Rabbi Yosef Gavriel Bechhofer
הרב יוסף גבריאל בקהופר
You think this is a Chiddush? Of course science makes mistakes, but to say that science is a "low yield endeavor" speaks volumes about this author's bias and obtuseness. How incredibly stupid! If I sat here typing for a year I couldn't scratch the surface of the accomplishments we've benefited from in the last century alone. It's absurdly easy to take pot shots at any large institution or process, especially one like science that, by definition, progresses via trial and error.I supposed your implied reason for posting this is as feeble attempt to undermine the idea of "brain death". Of course, that's just as ridiculous. Yes, it's possible that 100 years from now we my find a way to "reverse" brain death. So what? In the time of the gemorah they thought that someone who's heart stopped beating and/or stopped breathing was also dead. Guess what? They're not. It's just that they didn't know CPR or have the means to defibrillate a heart. We have to deal with what we know now as best as we can. Just like they did back then. I know you'd like to impute some kedusha to their medical knowledge, but I'm sorry, if this guy's article shows that, with all of our increased technical knowledge and abilities we can still make mistakes, how much more so in such a primitive medical (scientific) era?

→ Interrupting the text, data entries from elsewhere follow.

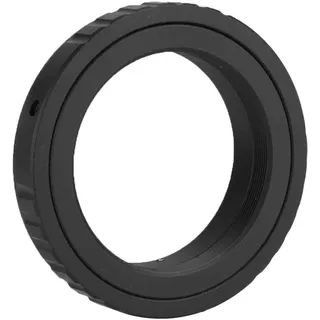 Bague T2 T2 Om Telescopeersing Objektiv T2 Für 4 3 Adapter Für E 600 E 510 E 500 E 450 E 5 420 Objektiv Adapter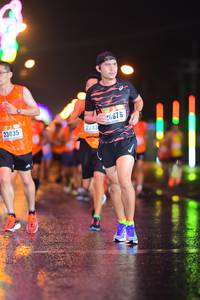 BIB: 676, 23035, 2243
                            <button type="button" onclick="openModal(16779858)" class="btn btn-primary btn-sm float-right btn-popup" data-toggle="modal" data-target=".modal-high-quality">
                        <i class="fas fa-shopping-cart"></i> Add to Cart
                    </button>
                                            <button type="button" onclick="isThisMe(16779858, true)" class="btn btn-success btn-sm float-right btn-popup btn-isme hidden" data-toggle="tooltip" data-placement="bottom" title="นี่คือรูปของคุณใช่ไหม คลิกที่นี่เพื่อเอาเข้าอัลบั้ม">
                        <i class="fas fa-plus"></i> Add to album
                    </button>
                    <button type="button" onclick="isThisMe(16779858, false)" class="btn btn-warning btn-sm float-right btn-popup btn-isnotme hidden">
                        <i class="fas fa-ban"></i> Remove from album
                    </button>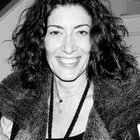 Peg Samuel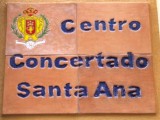 La psicóloga Jara Cuadrado ofrecerá mañana una charla en el CC Santa Ana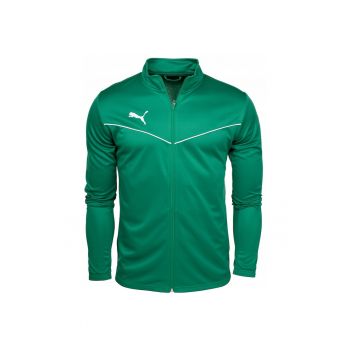 Hanorac copii -  Poliester - Verde - 65410
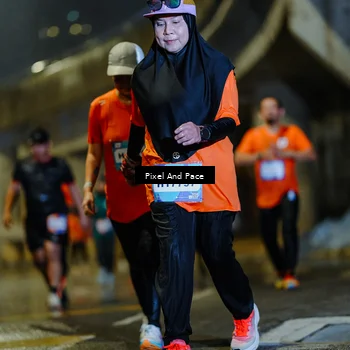Runner Photo 7809885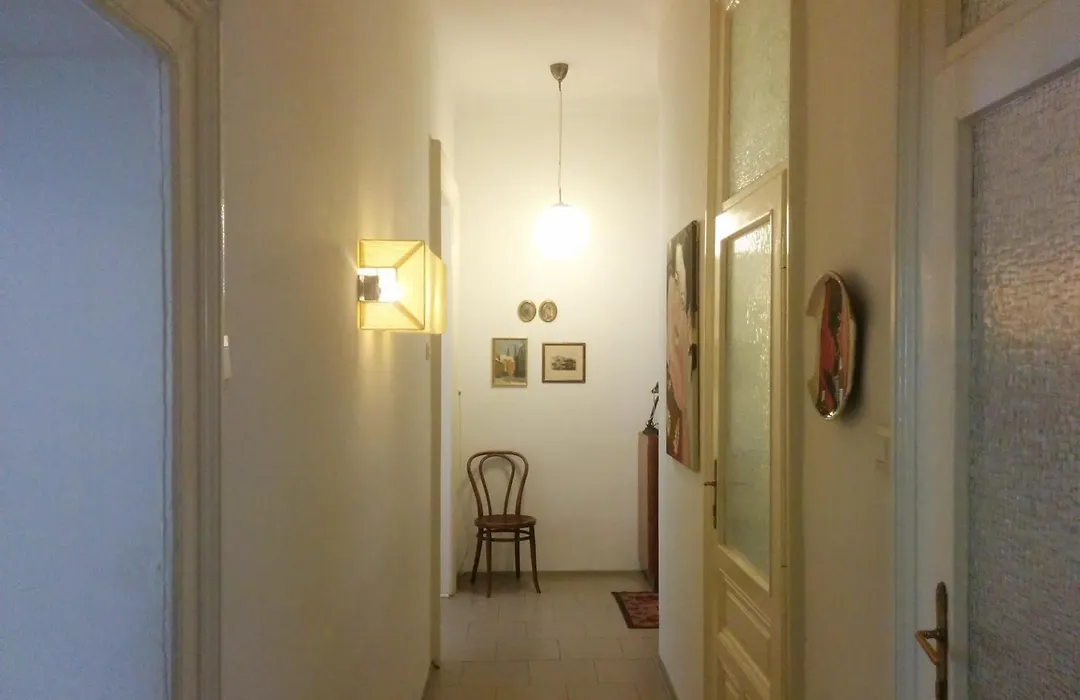 Haus Max-1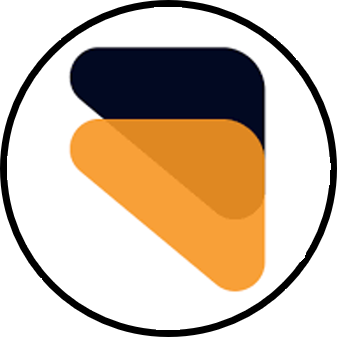 MySalesCoach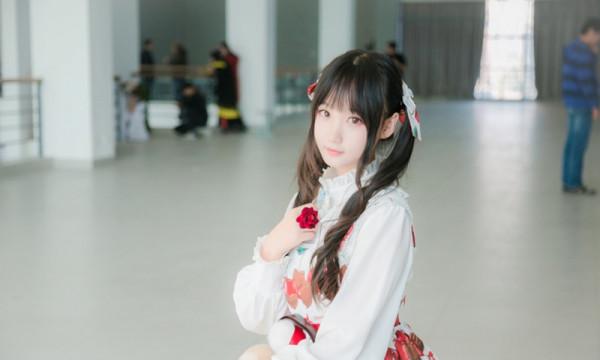 看上去不好相處，在你落魄時，卻會雪中送炭的3星座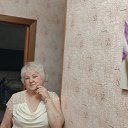 ���� �����, �����-���������, 65 ��� - ��������� 17 ������ 2026 � ������ ���� ����������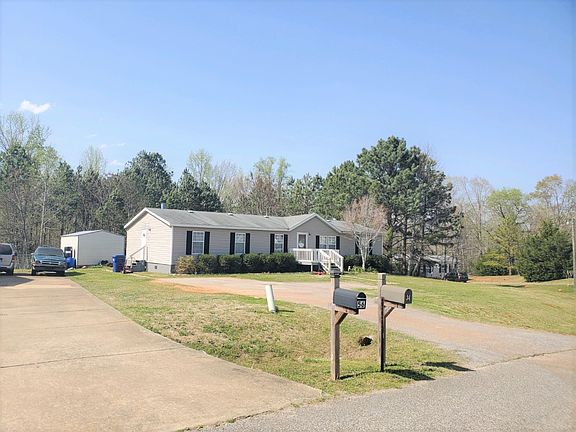 2nd image of 34 Lee Road 2113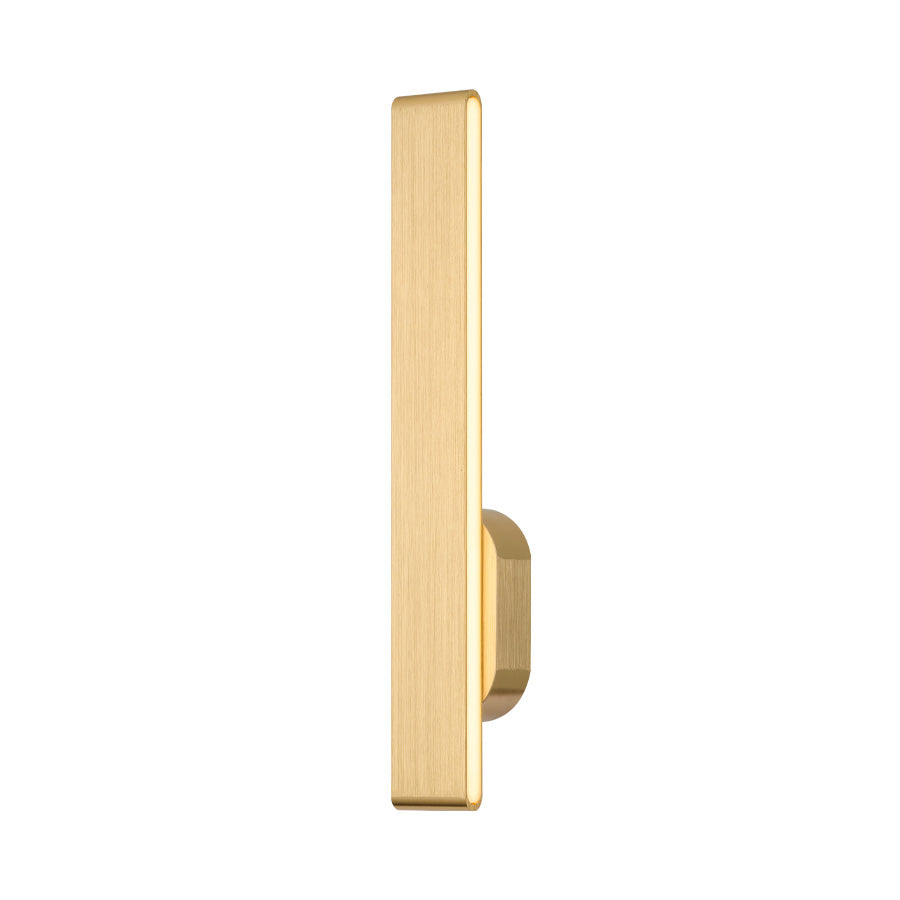 Zidna lampa LED Truman MSL-6160-01W
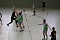 Aus f&uuml;r M&auml;nnerhandball in Sondershausen?
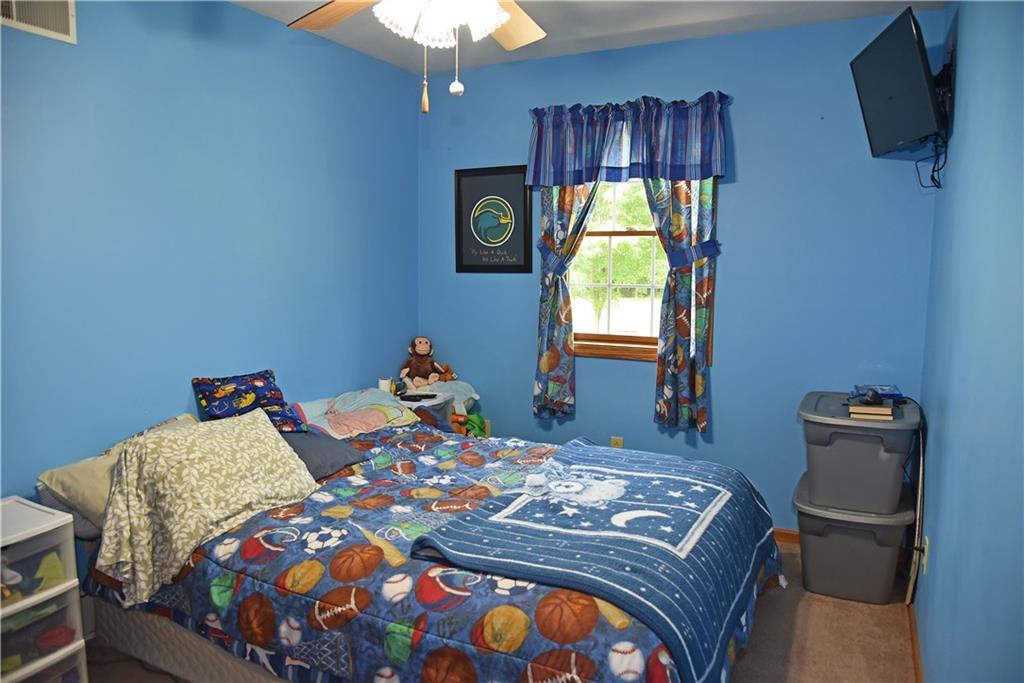 45 Gruber Road Greenville, PA 16125 - Photo 14 of 21 Gallery Image 14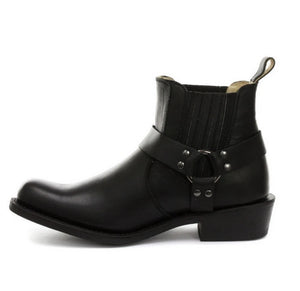 renegade-lo_boots_black_10m-11w, renegade-lo_boots_black_11m-12w, renegade-lo_boots_black_12m-13w, renegade-lo_boots_black_3m-4w, renegade-lo_boots_black_4m-5w, renegade-lo_boots_black_5m-6w, renegade-lo_boots_black_6m-7w, renegade-lo_boots_black_7m-8w, renegade-lo_boots_black_8m-9w, renegade-lo_boots_black_9m-10w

One of the things medical schools now train their students in is the interpretation of studies. It's not a simple matter of reading through and assimilating the conclusion as gospel. There are critical analysis tools we are taught to use when approaching a paper.My favourite is turning to the last page and looking at who paid for the trial. If it's the drug company that makes the medication in the trial, I usually toss the study out. Like any used car salesman, the drug companies will produce what they must to sell the product. Like any good consumer, a doctor should know how to read the literature and get the information he needs.